Sergio Ermotti has to deliver. Today was the first payday. UBS’s results of almost one billion net profit have turned out better than expected.
All’s well that ends well? It’s too early to tell. Up to now, Ermotti has been delivering exactly what is required of him. However, for lasting proof that UBS has a future under his leadership more is needed. The banker from Ticino knows that now is the time for UBS to look good.
The future can wait, it’s the current impression that counts. But this strategy can back-fire. Under Ermotti’s regime, UBS has become a giant construction site. While the bank is operating at full steam, it is being completely re-built – from a casino trading house, to a leading global asset manager.
There is so much carving and digging going on, that observers have lost sight of the bigger picture. And the man, who should be holding the strings in the back room is going on a rally for a few weeks.
The funny thing about this reconstruction of the century is that the great change away from risky trading operations towards supposed stable Swiss-made asset management activities should be happening under the watch of committed investment banker Ermotti, of all people.

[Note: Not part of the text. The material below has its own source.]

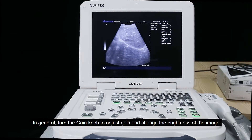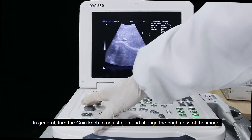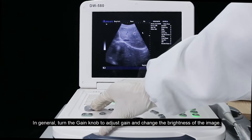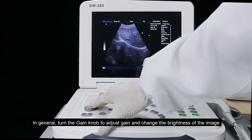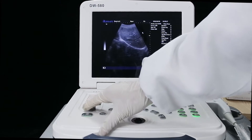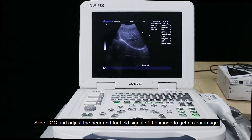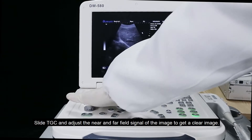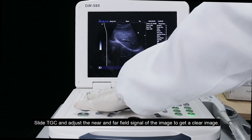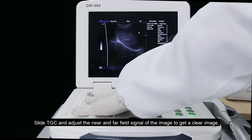In general, turn the gain knob to adjust the gain and change the brightness of the image. Slide the TGC and adjust the near and far field signal of the image to get a clear image.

It has yet to be seen how seriously the strong man at the helm of Switzerland’s largest bank is taking the task. For there are doubts when you look closely at Ermotti’s conspirators. His closest allies all come out of the same kitchen.
Investment bank CEO Andrea Orcel and head of UBS America, Bob McCann are, like Ermotti former Merrill Lynch stars.

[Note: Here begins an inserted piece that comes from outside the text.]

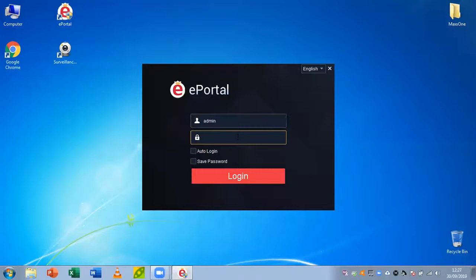Okay, so in this tutorial we're going to be setting up our ePortal with a PC or Mac. For the purpose of this, I'm going to be using PC, and this is to be used with MaxOne Elite recorders.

But they don’t just have that in common. All three have had similar careers; they grew up in stock-broking. And stockbrokers are salesmen. Up and down, buying and selling – that is their world.
By contrast, specialists in the interest markets understand context. They have to grapple with interest rates as they affect price of money and the future – their impact on the large balance sheet is part of their daily bread.

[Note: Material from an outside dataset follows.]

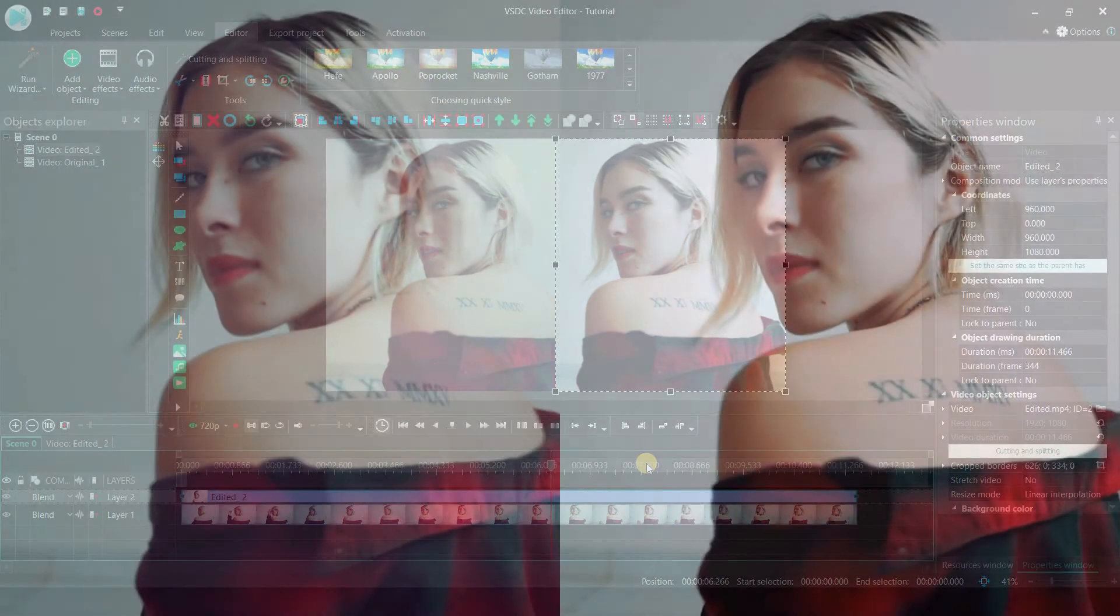And there you have it, a really easy way to create comparison between two videos using VSDC video editor.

To sell well means telling a convincing story; and Ermotti and his Merrill Lynch boys are very good at doing that.
While at Merrill Lynch, the bank with the bull logo, Ermotti & Co practised the most aggressive investment banking, even by Wall Street’s standards. In the end, Merrill crashed into the wall and had to be rescued by the giant Bank of America.
Merrill’s downfall did not affect the old connections. The Merrill boys trust each other to this day – they encourage each other, thereby fueling their careers.
Today it is these three testosterone-fuelled UBS stars who are steering the whole bank according to their whims.
They need fear no resistance. UBS President Axel Weber, an ex central banker is leaving the three conspirators to their own devices. Weber loves the pulpit and is happy to leave operations to his management team.
Former Merrill people are even making themselves felt amongst wealth management, usually a Swiss specialty. The family office for the very well-heeled is led by a ex top Merrill man and a close Ermotti confidant.
Salesmen like Ermotti know all about the importance of appearance and reality. Image is important, the rest comes later.
Ermotti’s predecessor Oswald Grübel belonged to another calibre. The German with a Swiss mentality spent virtually his whole career in the interest rate business. This enabled him to assess the big connections between balance sheet and world development.
Grübel was also known for being a trader who was capable of completing deals in split seconds; nevertheless he knew all about complex banking matters, since he learnt about trading from the interest rate side of things rather than from share trading.
The effect of Ermotti’s strategy based on good selling and glamour is particularly visible in the back office. Here, where real banking takes place on a daily basis, asset stripping of historic proportions is taking place.
IT, human resources, finance and risk management are being cut up, shifted and re-built. Thousands of jobs are being cut and no stone is left unturned.
So, the fact that Ermotti’s UBS has managed to earn 1 billion after tax in the first quarter and has attracted 24 billion in new money can only be seen as a good performance.
However, the Swiss gambler is clever enough to know that the future is uncertain.
Ermotti wrote today, with an eye on the uncertain international situation: “It would make further improvements in prevailing market conditions unlikely and would consequently generate headwinds for revenue growth, net interest margins and net new money.”
Smart Ermotti has already prepared an excuse in the event that his “big story” ends badly.